The recommendations—and NSA's collaboration with other agencies on the topic—indicate the growing importance of securing AI systems and data
The National Security Agency (NSA), in coordination with the Cybersecurity and Infrastructure Security Agency (CISA), the Federal Bureau of Investigation (FBI) and cybersecurity agencies from Australia, New Zealand, and the United Kingdom, has released a Cybersecurity Information Sheet (CSI) providing recommendations to address a growing national and international priority: ensuring that the data used to develop, operate, and maintain AI models remains secure, trustworthy, and resistant to tampering. The CSI, titled AI Data Security: Best Practices for Securing Data Used to Train & Operate AI Systems, was released on May 22, 2025. The CSI builds on the NSA's joint guidance on Deploying AI Systems Securely, which was issued in April 2024 in coordination with CISA, the FBI, and multiple international partners.
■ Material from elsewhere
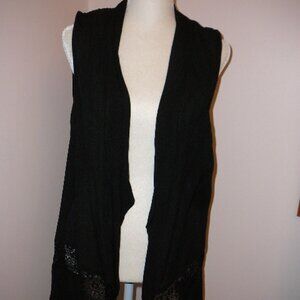 AB Studio Black Sleeveless Sheer Overshirt Embroidered At Bottom Of Blouse-Med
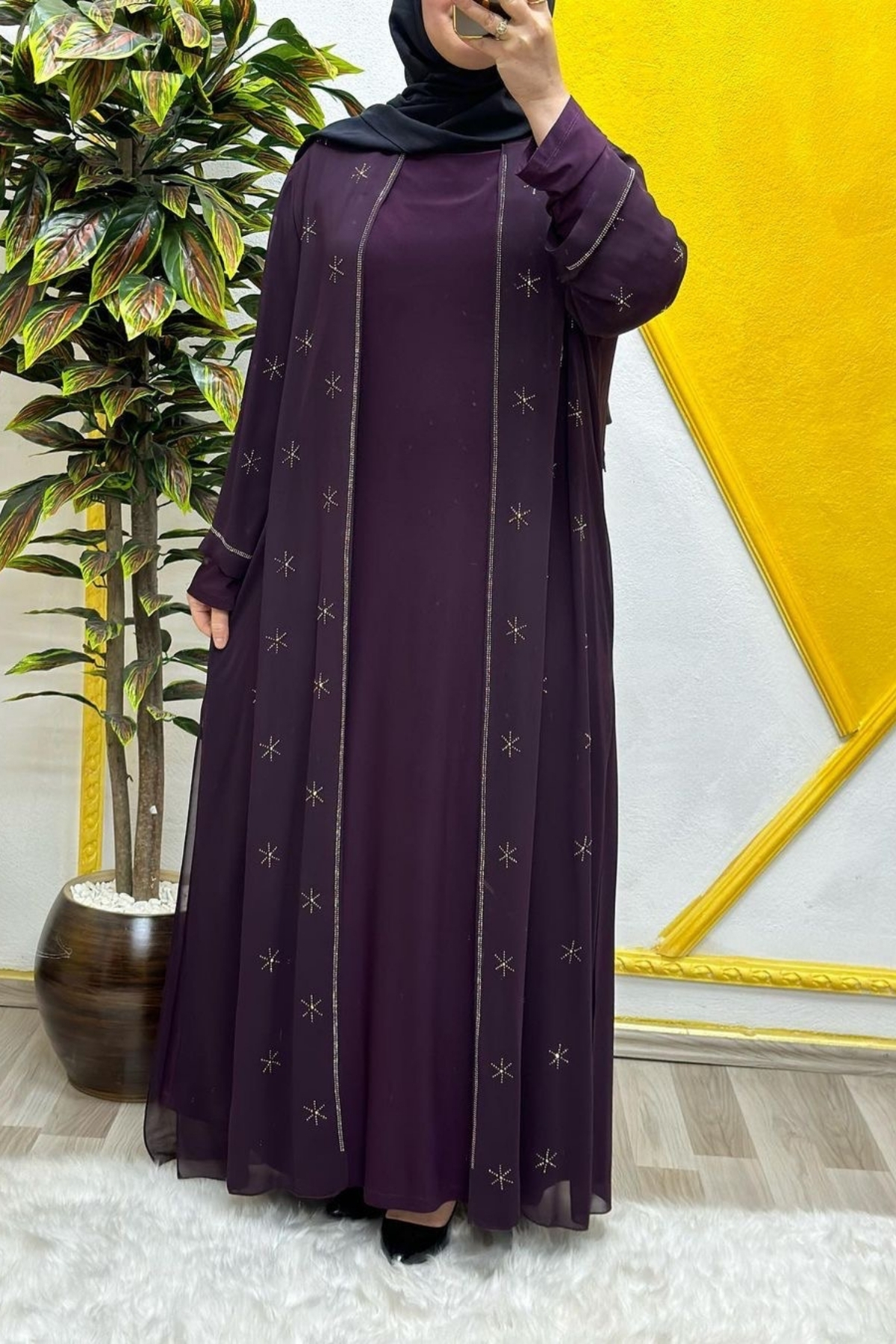 Kadın Tesettür Giyim Büyük Beden Yıldız Taşlı Abiye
The CSI identifies three key risks to the performance, accuracy, and integrity of AI and ML systems, and provides 10 recommendations primarily for civilian and defense agencies, as well as private-sector operators of critical infrastructure.
Key Risks to Data Used in AI Systems
The CSI outlines three overarching categories of data security threats that span the AI lifecycle:
- Data Supply Chain Risks: AI systems rely on external, large-scale datasets. Those datasets may be crowdsourced or carefully curated. Regardless of how the datasets are sourced, they are vulnerable to manipulation and degradation by untrusted third parties. Compromised data upstream—such as web-crawled images, expired domains, or poisoned media files—can propagate through AI training pipelines, influencing future outputs and system behavior.
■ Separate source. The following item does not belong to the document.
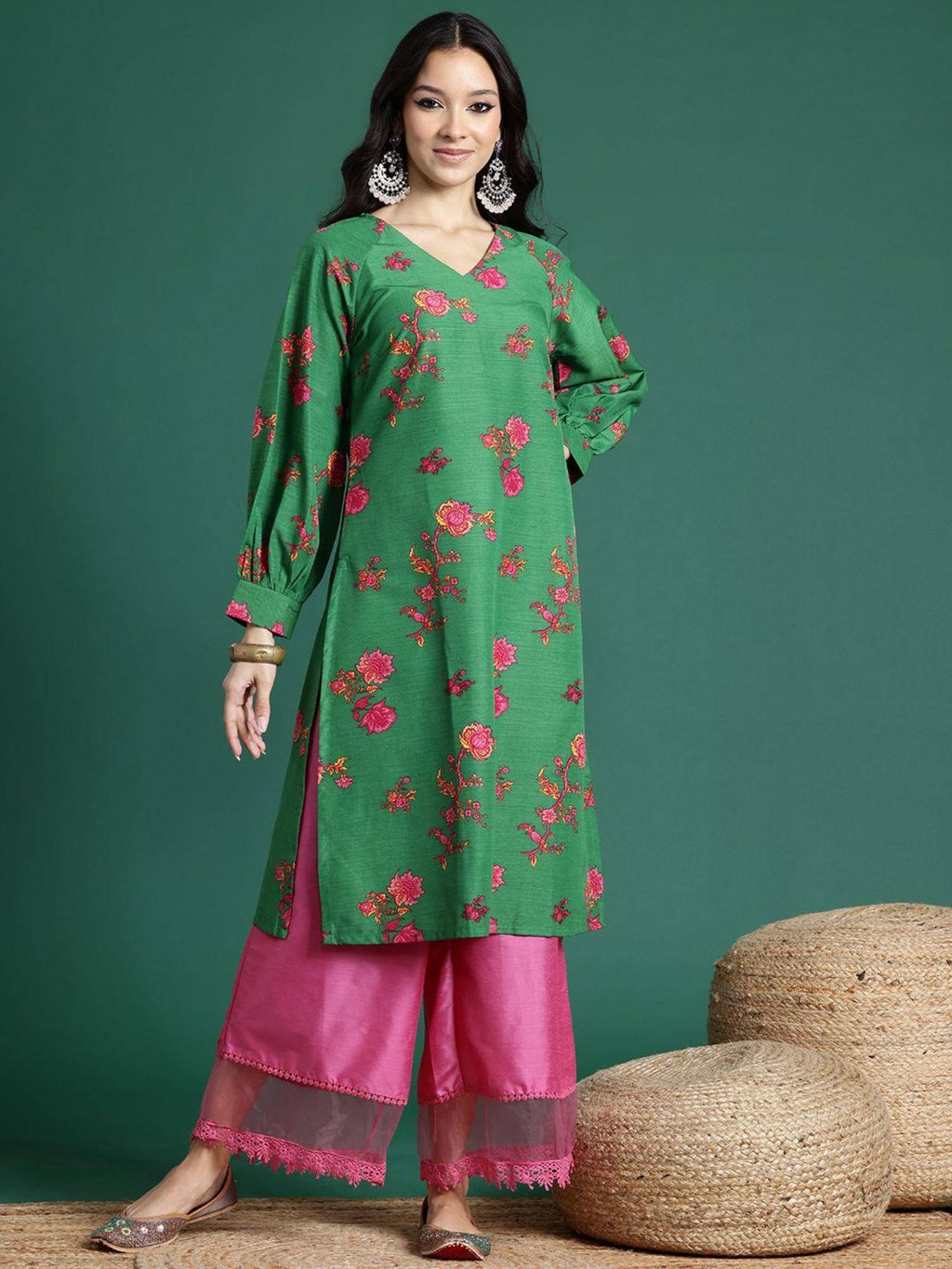 Floral Print Straight Kurta | KDG - view 1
- Maliciously Modified ("Poisoned") Data: Threat actors may intentionally insert adversarial or false data into training sets to manipulate model behavior. This type of "data poisoning" includes both obvious threats like inserting intentional disinformation and more subtle ones like introducing statistical bias or manipulating metadata. Poisoned data may result in unsafe AI behavior or performance degradation, particularly in high-stakes domains such as cybersecurity or defense targeting. Where AI is used to identify and stop cyber threats, data poisoning can be used to make cyber attacks more difficult to detect.
- Data Drift: Once deployed, AI systems face the risk of "data drift"—a gradual or sudden shift in the statistical properties of incoming data compared to what the model was originally trained on. Drift can degrade system accuracy over time, obscure early warnings of performance failures, or be exploited by malicious actors to bypass AI-driven safeguards. Unlike poisoning, which is deliberate, drift may occur naturally through environmental or operational change.
The CSI aligns these three risk areas to each of the major stages in the lifecycle of AI systems, as identified in the AI Risk Management Framework published by the National Institute of Standards and Technology (NIST). According to the CSI, addressing these three key risk areas requires a combination of technical controls, operational oversight, and continuous vigilance throughout the AI system lifecycle. The CSI addresses those activities in its 10 recommendations for securing AI data.
Best Practices To Secure Data Used in AI Systems
The CSI recommends 10 sets of practices and a variety of specific controls for securing data used in AI and ML systems. These practices and controls are not specific to AI—they may be used to secure sensitive data in a variety of contexts—but according to the CSI are particularly well-suited to address the key risks to AI systems and data described above.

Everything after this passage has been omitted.